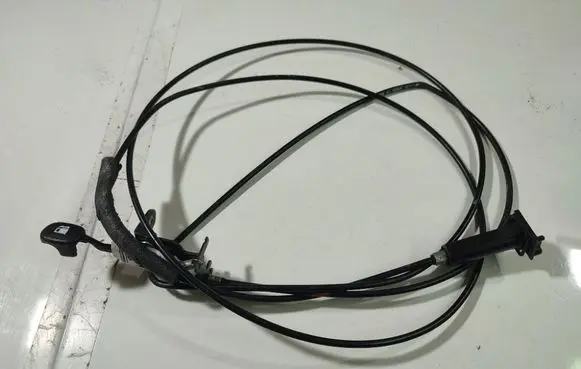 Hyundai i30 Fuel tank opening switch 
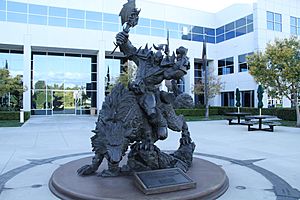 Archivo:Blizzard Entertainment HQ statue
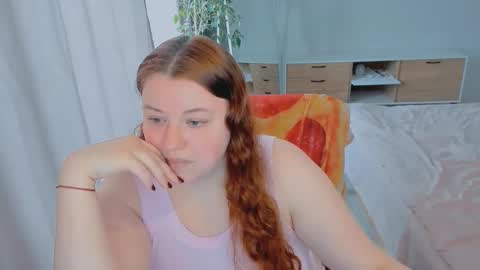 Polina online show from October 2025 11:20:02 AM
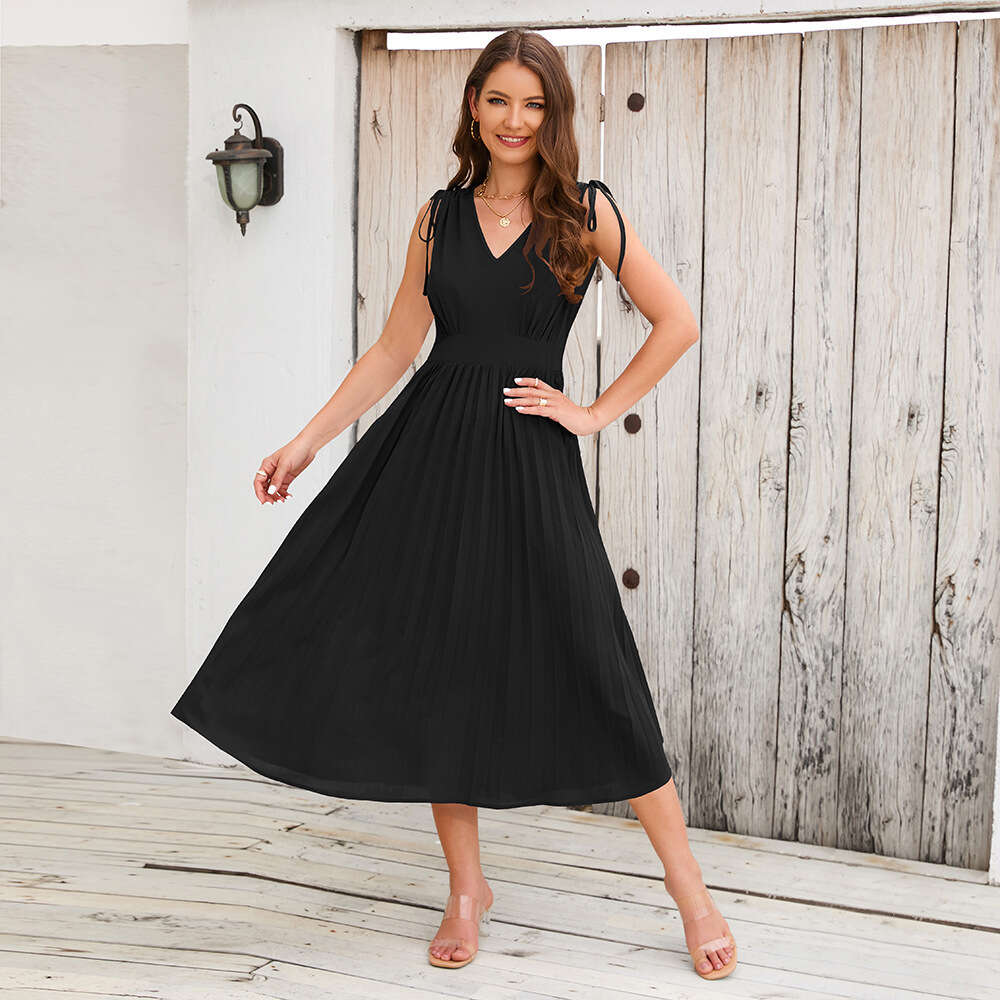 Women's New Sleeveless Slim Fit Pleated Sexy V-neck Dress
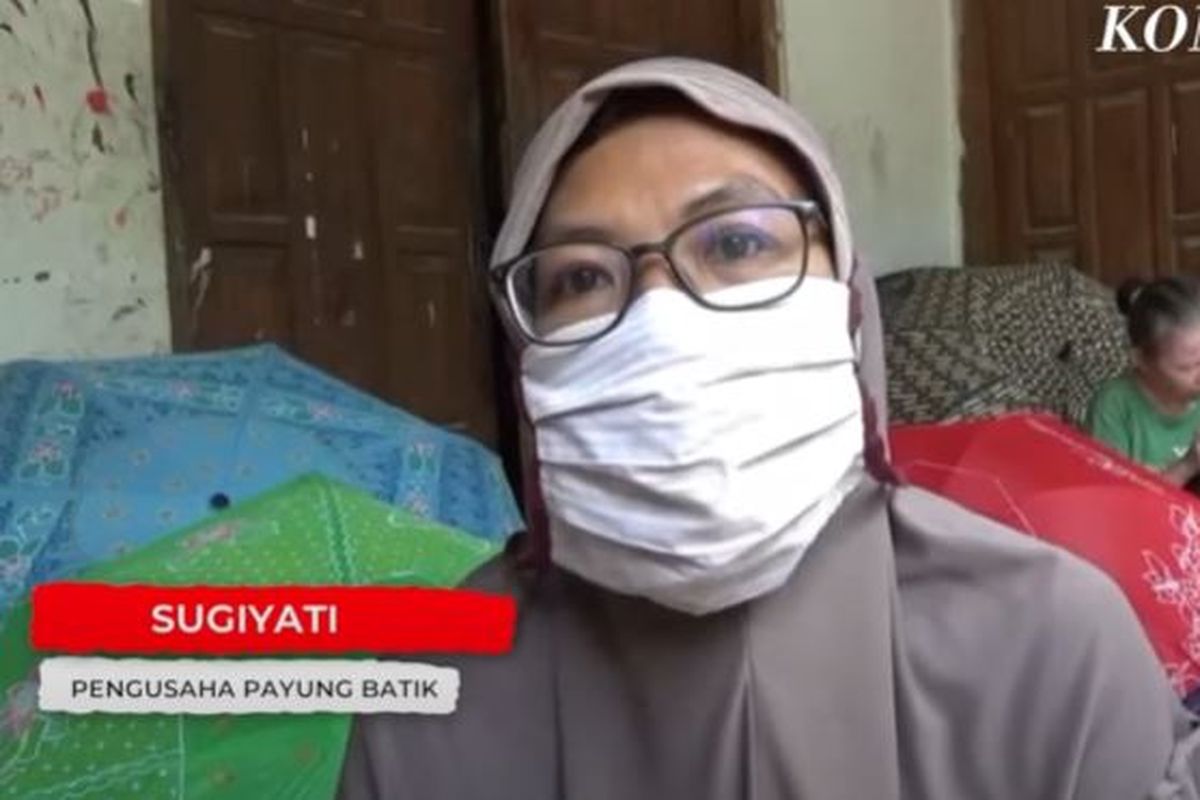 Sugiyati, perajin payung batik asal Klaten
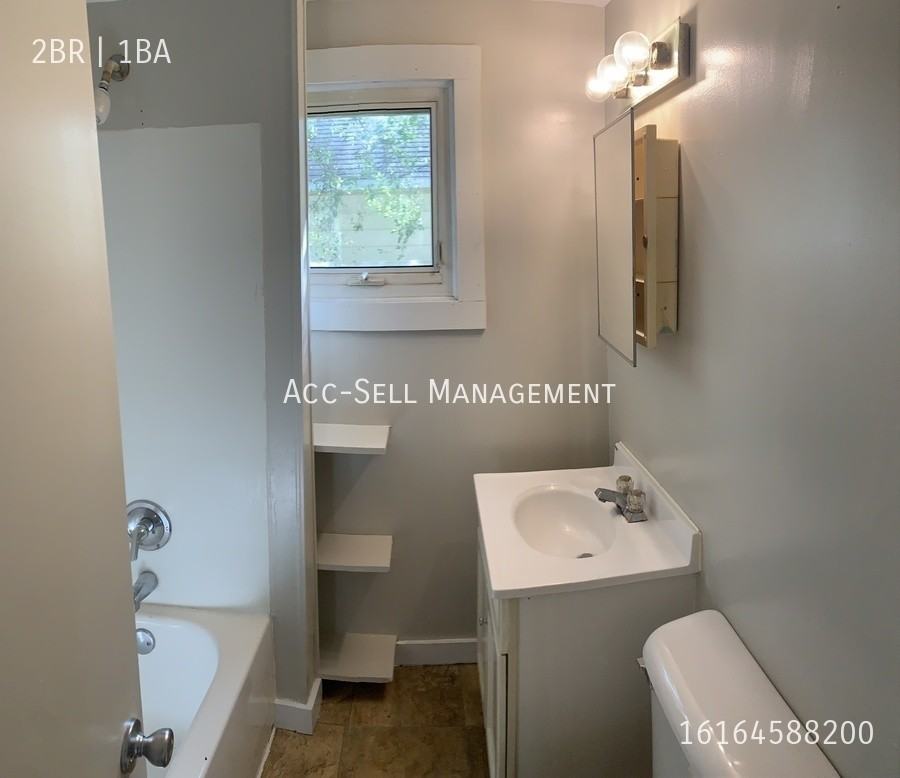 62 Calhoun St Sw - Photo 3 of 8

--

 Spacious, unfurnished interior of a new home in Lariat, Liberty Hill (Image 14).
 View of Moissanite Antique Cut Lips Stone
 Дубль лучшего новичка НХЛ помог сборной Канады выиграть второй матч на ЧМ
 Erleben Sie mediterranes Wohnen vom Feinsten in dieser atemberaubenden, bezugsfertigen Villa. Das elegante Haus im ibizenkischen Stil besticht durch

...

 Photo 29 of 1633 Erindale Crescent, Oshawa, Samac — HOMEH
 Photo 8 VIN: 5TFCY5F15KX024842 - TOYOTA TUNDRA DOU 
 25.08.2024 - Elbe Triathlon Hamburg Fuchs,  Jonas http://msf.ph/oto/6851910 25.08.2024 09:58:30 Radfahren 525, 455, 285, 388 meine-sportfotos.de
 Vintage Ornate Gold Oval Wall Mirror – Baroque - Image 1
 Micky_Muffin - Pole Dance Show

YOUR GOAL »
Working from the listing above, pick out every line that has "Image" and copy it.

RESPONSE TO THIS EXERCISE »
 Spacious, unfurnished interior of a new home in Lariat, Liberty Hill (Image 14).
 Vintage Ornate Gold Oval Wall Mirror – Baroque - Image 1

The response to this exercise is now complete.